If we’re not sure about decisions like these, the best approach might be to hold off on implementing them until we are sure. It might safer to wait until later to add that calendar to the home page. We might want to start out with a more pared-down team site template for the portal until people have learned to embrace the new tools. On the other hand, we might decide that these things are important enough that we will take additional measures to follow through and avoid those chirping crickets.
Avoiding Crickets
What could the summer camp in our example have done better? We have mentioned two approaches: the defense-based approach and the offense-based approach.
The defense-based approach is to be conservative when evaluating the informational, collaborative, and other functional elements we decide to include in our website or portal. If we don’t have confidence it will be utilized to proper effect, or if we know we are not in a position to commit resources to making that happen, then holding off might be the best decision.

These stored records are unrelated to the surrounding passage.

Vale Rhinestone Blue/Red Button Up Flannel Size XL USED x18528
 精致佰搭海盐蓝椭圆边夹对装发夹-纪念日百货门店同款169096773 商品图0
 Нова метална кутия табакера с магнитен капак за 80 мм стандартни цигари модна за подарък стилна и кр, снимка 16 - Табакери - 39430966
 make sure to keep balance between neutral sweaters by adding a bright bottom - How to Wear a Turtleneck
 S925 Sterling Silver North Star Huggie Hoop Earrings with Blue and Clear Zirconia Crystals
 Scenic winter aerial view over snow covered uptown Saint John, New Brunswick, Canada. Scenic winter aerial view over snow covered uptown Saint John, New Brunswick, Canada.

The offense-based approach is to charge ahead. The smart offense-based approach is to charge ahead with knowledge of the dangers and a plan to address them. If we add a “News & Announcements” list, we’ll also add keeping up with it to someone’s official list of job duties. If we decide to go for a more ambitious team site template for our portal, we’ll also add it to the regular agenda of the strategic governance committee to evaluate.
Fear of Crickets
Depending on your situation, the fear of crickets can be just as deadly to your website or portal initiative as the crickets themselves. Fearing crickets, we may do nothing. On a website for a summer camp, maybe that defensive approach works out OK: put up some nice photos, a map to the camp, and the phone number. Done. A defensive approach can avoid the crickets, and maybe it helps the summer camp to be realistic about the limited resources it has to keep up with its website. Visitors a year from now won’t be turned off by an empty calendar and old news.
However, sometimes we have to take a risk. We have to risk building it anyway, even though people might not come. This is especially true for collaborative/interactive websites, such as intranet portals or community-based websites. In these situations, we are trying to engage people, to make them take a step towards us, to participate and contribute.
Our goals to engage people, or to create a space for them to collaborate, should overrule our fear of crickets. As we take that risk, our knowledge of the danger of crickets should allow us to be smart and vigilant, increasing our chances of success. Knowing the dangers, we can apply a more comprehensive strategy to achieve our goals. We can be ready to adjust and adapt. Nothing ventured, nothing gained. This old saying definitely applies to portals and community-based websites.